Opera by William Grant Still

Troubled Island is an American opera in three acts composed by William Grant Still, with a libretto begun by poet Langston Hughes and completed by Verna Arvey. She married the composer following their collaboration.

Set in Haiti in 1791, Troubled Island portrays Jean Jacques Dessalines (1758–1806) and the Haitian Revolution. He declared himself as emperor of an independent Haiti but was assassinated by opponents. The opera premiered at the New York City Opera on March 31, 1949, notably making it the first grand opera composed by an African American to be produced by a major company. It was also the first time the New York City Opera produced an American opera.

==Composition and production history==
Still and Hughes began writing Troubled Island in 1936, but Hughes left the project the following year to cover the Spanish Civil War for the Baltimore Afro-American. Arvey, a pianist and writer who never wrote a libretto before, completed the project in Hughes’ absence.

Troubled Island was completed in 1939, but Still faced problems in arranging for a production. Planned premieres in 1945 and 1948 at the New York City Opera were withdrawn, but the company presented the world premiere of Troubled Island on March 31, 1949. It was the first time that the work of an African-American composer was presented by a major American opera company.

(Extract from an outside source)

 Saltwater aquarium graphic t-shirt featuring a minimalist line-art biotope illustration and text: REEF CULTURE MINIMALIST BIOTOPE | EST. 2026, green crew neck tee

Although the leading roles of Dessalines and his wife Azelia were based on black Haitians, the opera company cast white opera stars Robert Weede and Marie Powers, who wore blackface for the 1949 premiere. African-American bass-baritone Lawrence Winters took over the role of Dessalines from Weede for the second performance of the opera and continued in the role for the remainder of the production's run.

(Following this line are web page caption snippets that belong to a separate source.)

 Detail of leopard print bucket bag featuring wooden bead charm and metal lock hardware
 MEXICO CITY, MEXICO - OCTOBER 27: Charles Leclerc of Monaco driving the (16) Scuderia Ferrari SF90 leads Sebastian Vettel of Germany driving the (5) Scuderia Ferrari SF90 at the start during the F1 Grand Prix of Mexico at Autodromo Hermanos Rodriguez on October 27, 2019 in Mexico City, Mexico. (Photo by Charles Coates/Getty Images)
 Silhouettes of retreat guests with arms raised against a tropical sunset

The premiere performance was greeted with 22 curtain calls. Critical reaction to the work ranged from mixed-to-negative. Time Magazine said, “Composer Still's music, sometimes lusciously scored, sometimes naively melodic, often had more prettiness than power. In all, Troubled Island had more of the souffle of operetta than the soup bone of opera.” John Briggs of the New York Post opined, “one was never sure one was hearing a first-rate performance of an inferior work or a second-rate performance of a good one,” while Miles Kastendieck, writing for both the New York Journal-American and the Christian Science Monitor, said of Still’s music: “the result is a mixture of styles signifying talent and a feel for opera but achieving little more than a suggestion of it.”

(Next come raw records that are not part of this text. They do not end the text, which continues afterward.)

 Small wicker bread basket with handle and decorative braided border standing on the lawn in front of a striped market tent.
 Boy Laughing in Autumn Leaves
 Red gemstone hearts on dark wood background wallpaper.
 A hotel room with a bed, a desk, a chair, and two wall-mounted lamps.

Years later, Judith Still, the daughter of Still and Arvey, said that the New York critics intentionally panned Troubled Island due to racism. “Howard Taubman (a critic and friend of Still) came to my father and said ‘Billy, because I’m your friend I think that I should tell you this – the critics have had a meeting to decide what to do about your opera. They think the colored boy has gone far enough and they have voted to pan your opera.’ And that was it. In those days, critics had that kind of influence.”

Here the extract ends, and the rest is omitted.